Unnamed: 0,description,location,reporting_structure_number
0,in-network file,https://independencebc.mrf.bcbs.com/2022-08_02...,0
1,in-network file,https://independencebc.mrf.bcbs.com/2022-08_02...,0
2,in-network file,https://independencebc.mrf.bcbs.com/2022-08_03...,0
3,in-network file,https://independencebc.mrf.bcbs.com/2022-08_04...,0
4,in-network file,https://independencebc.mrf.bcbs.com/2022-08_04...,0
...,...,...,...
1472,in-network file,https://mrfdata.hmhs.com/files/362/ibc/inbound...,0
1473,in-network file,https://mrfdata.hmhs.com/files/362/ibc/inbound...,0
1474,in-network file,https://mrfdata.hmhs.com/files/362/ibc/inbound...,0
1475,in-network file,https://mrfdata.hmhs.com/files/362/ibc/inbound...,0


Unnamed: 0_level_0,0
reporting_structure_number,Unnamed: 1_level_1
0,1477


Perfect, we now have collected all the `in_network_file` items, and furthermore have kept track of which `reporting_structure` they belong to. Note that some `reporting_structures` might use the same set of `file_location` objects.

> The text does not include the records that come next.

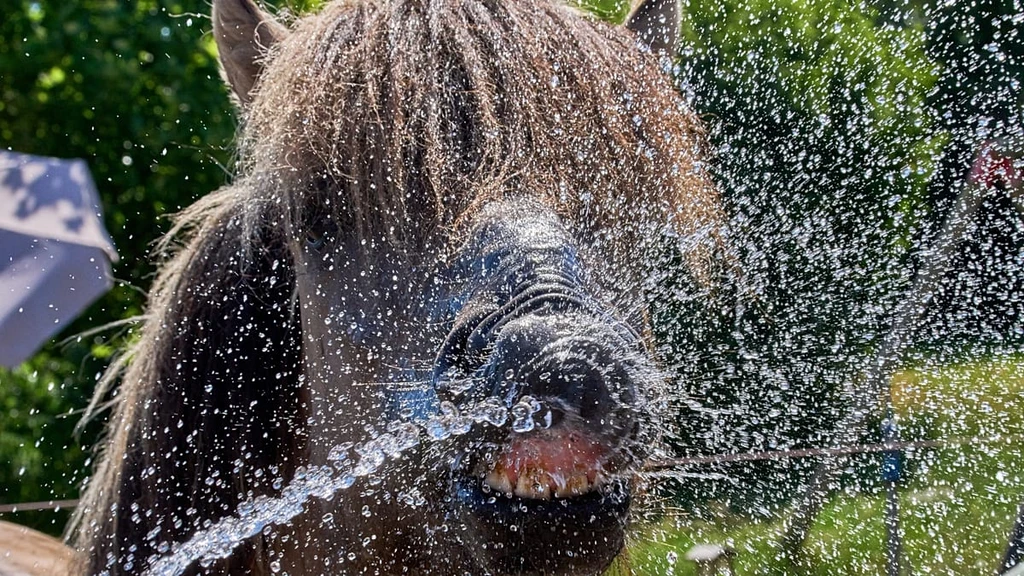 Germany Breaks Heat Record Again, Shattering Previous Day's Mark
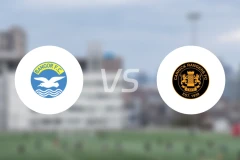 FC宾高vs卡域克流浪比分预测【2025/11/01】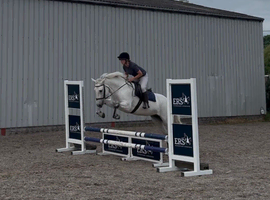 Kind & Genuine Class 1 Connemara Mare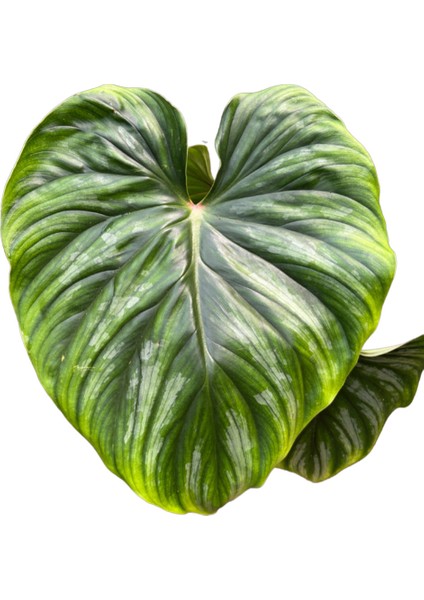 Philodendron Plowmanii fiyatları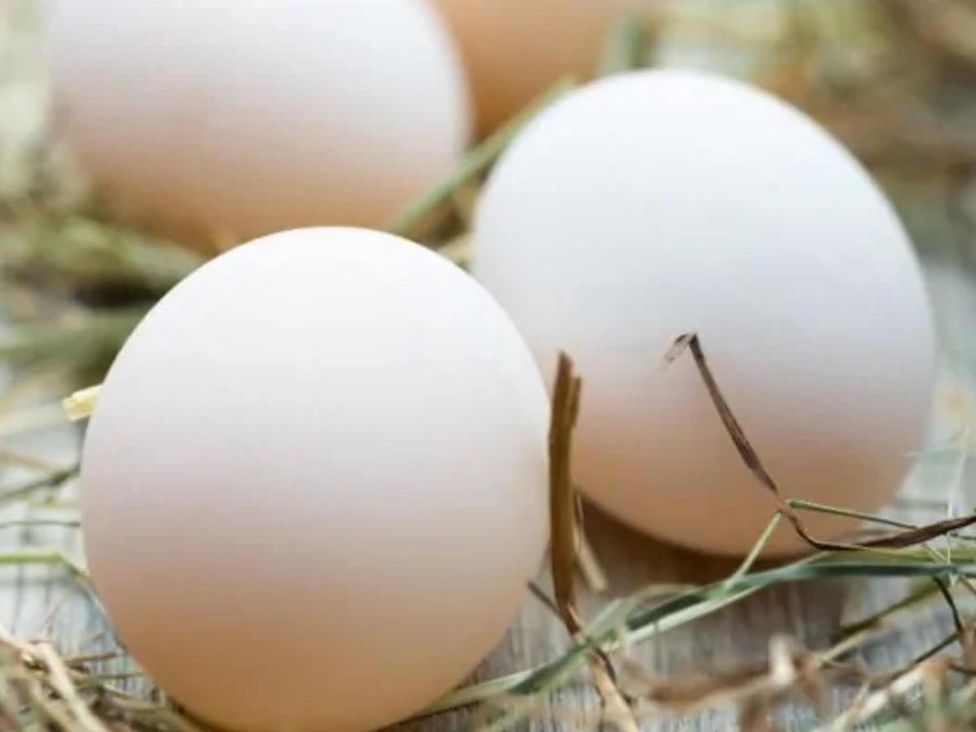Eggs in hay
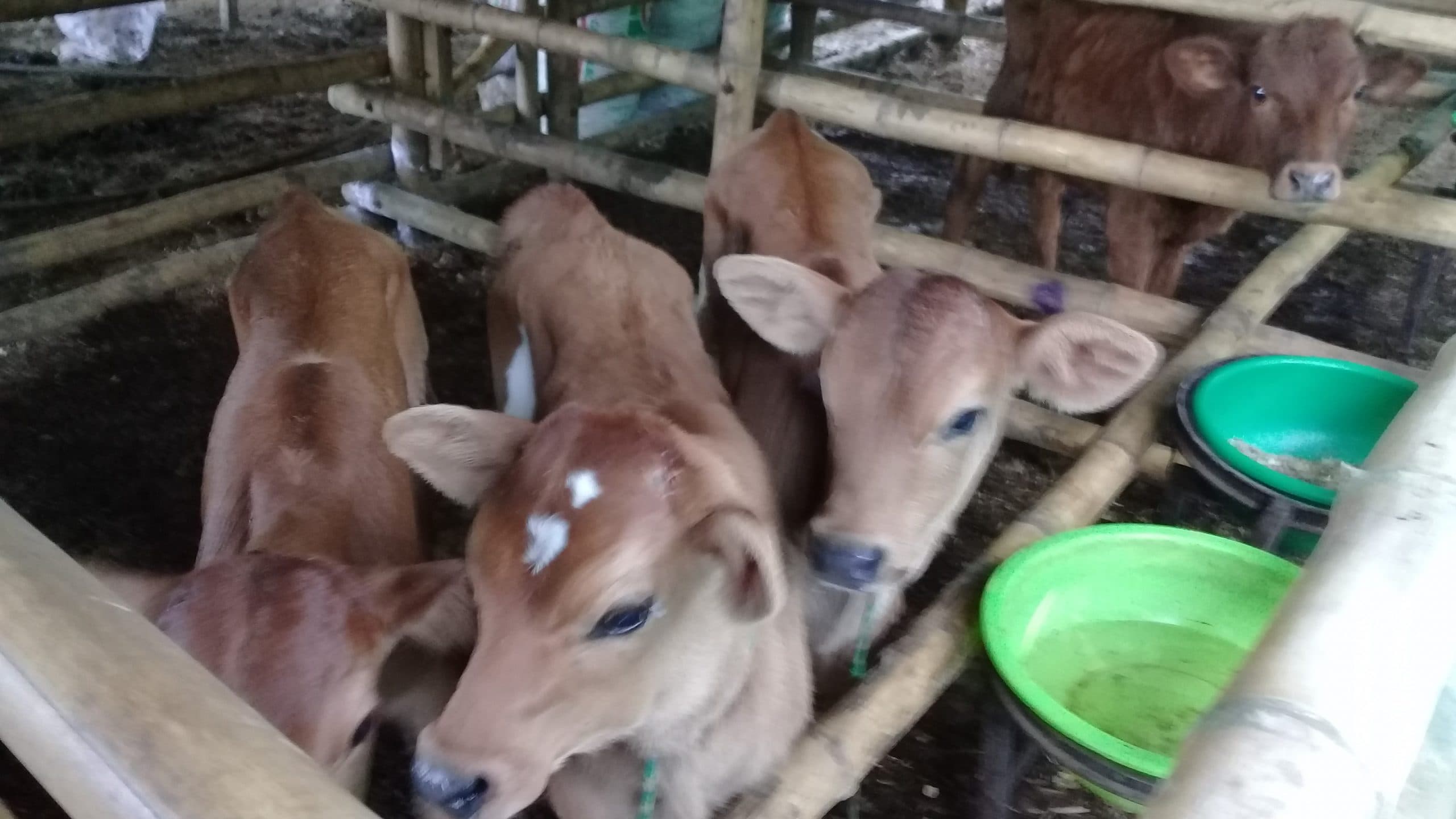 vendo lindos terneros
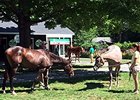 Fasig-Tipton Saratoga Sale Day 2 Notebook Fasig-Tipton Saratoga Sale Day 2 Notebook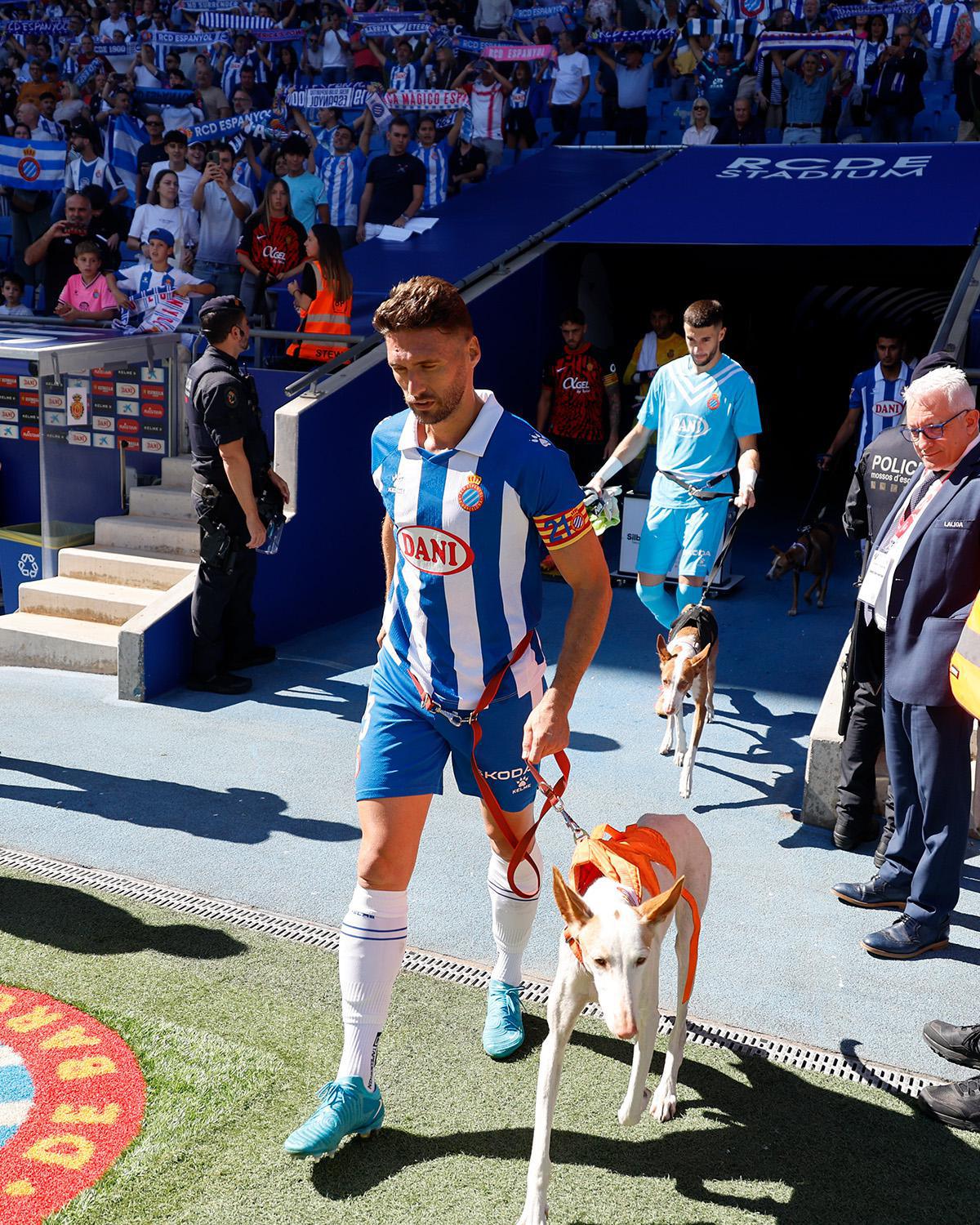 En Espagne, des joueurs de foot entrent sur le terrain avec des chiens abandonnés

### Allowed Amount File Object

As we can see in the `reporting_structure` Object definition above, the `allowed_amount_file` item should refer to only one `file_location` object and not an array of them, as did the `in_network_files` item. This should make collecting the associated URL for the Allowed Amount File very easy - and we should expect only six of them.

What *is* the allowed amount data going to contain, anyways?

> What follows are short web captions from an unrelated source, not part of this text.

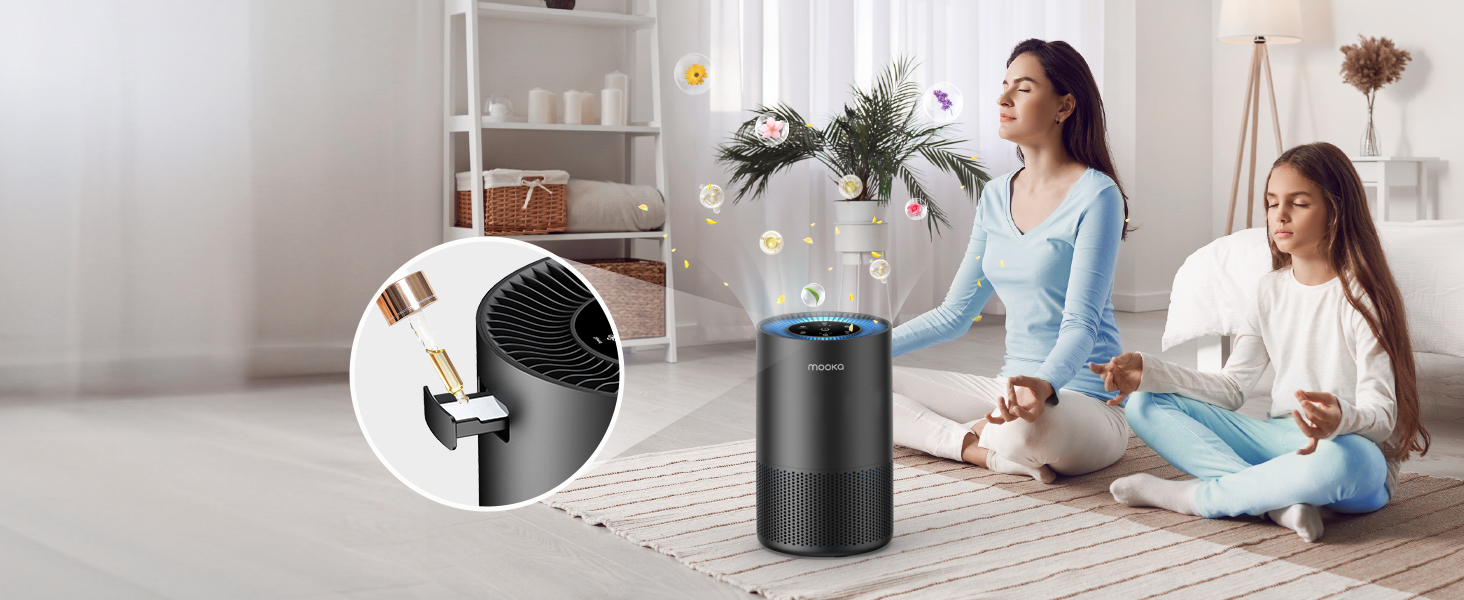 air purifiers for home large room pet True HEPA Air Purifier Large Room bedroom air purifiers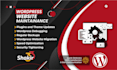 do monthly wordpress maintenance and support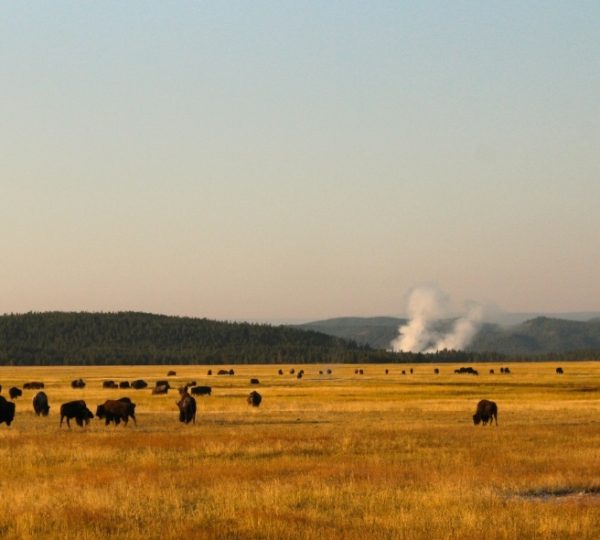Bisonherde auf einer Wiese im Yellowstone Nationalpark mit dampfenden Quellen im Hintergrund. Kanada-Rundreise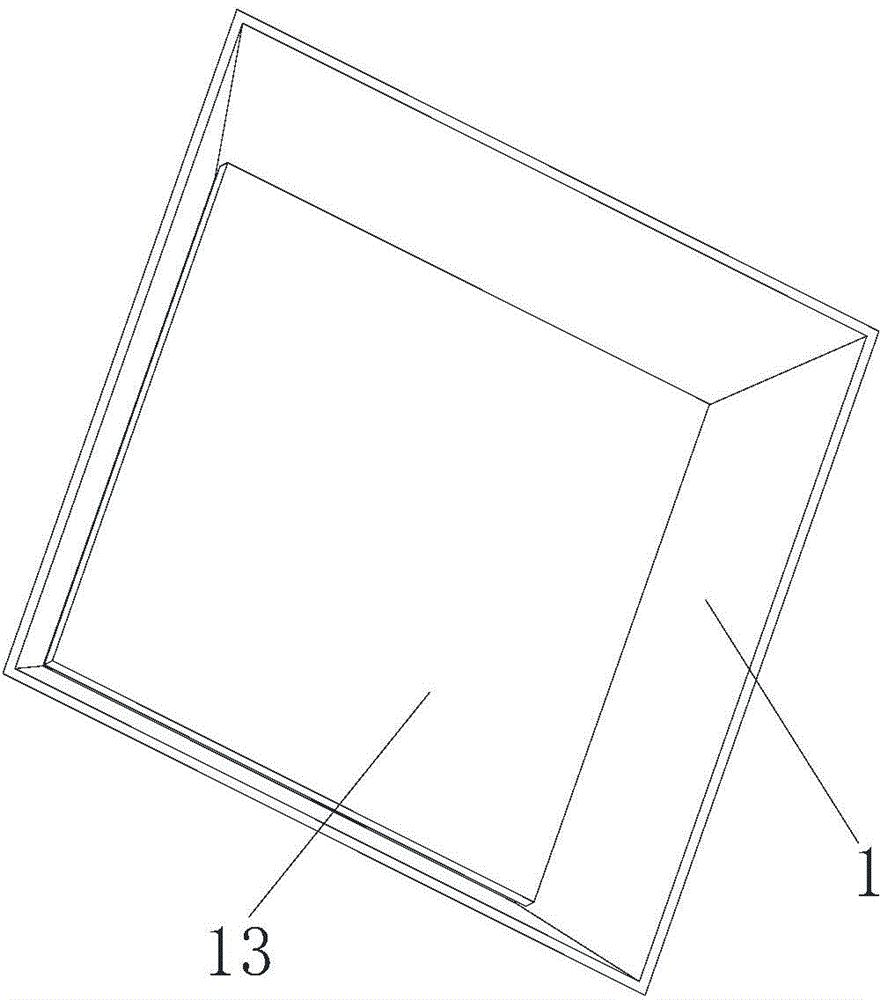 Automatic food feeding machine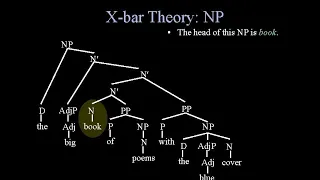 Syntax: X-Bar Theory: Lecture 1: Background and Specifier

![An inline image screenshot of requirements concerning what allowed amount values to include in the data taken from the CMS reporting standard github site.](./images/CMS_Allowed_Amt_Additional_Note.png "CMS Allowed Amounts - Additional Note")

### This reporting structure can encourage redundant data

You may have heard people talking about how absolutely massive these Transparency in Coverage datasets are. For example, Cigna's in-network rates files can top several hundred gigabytes, and that's *before* you uncompress them.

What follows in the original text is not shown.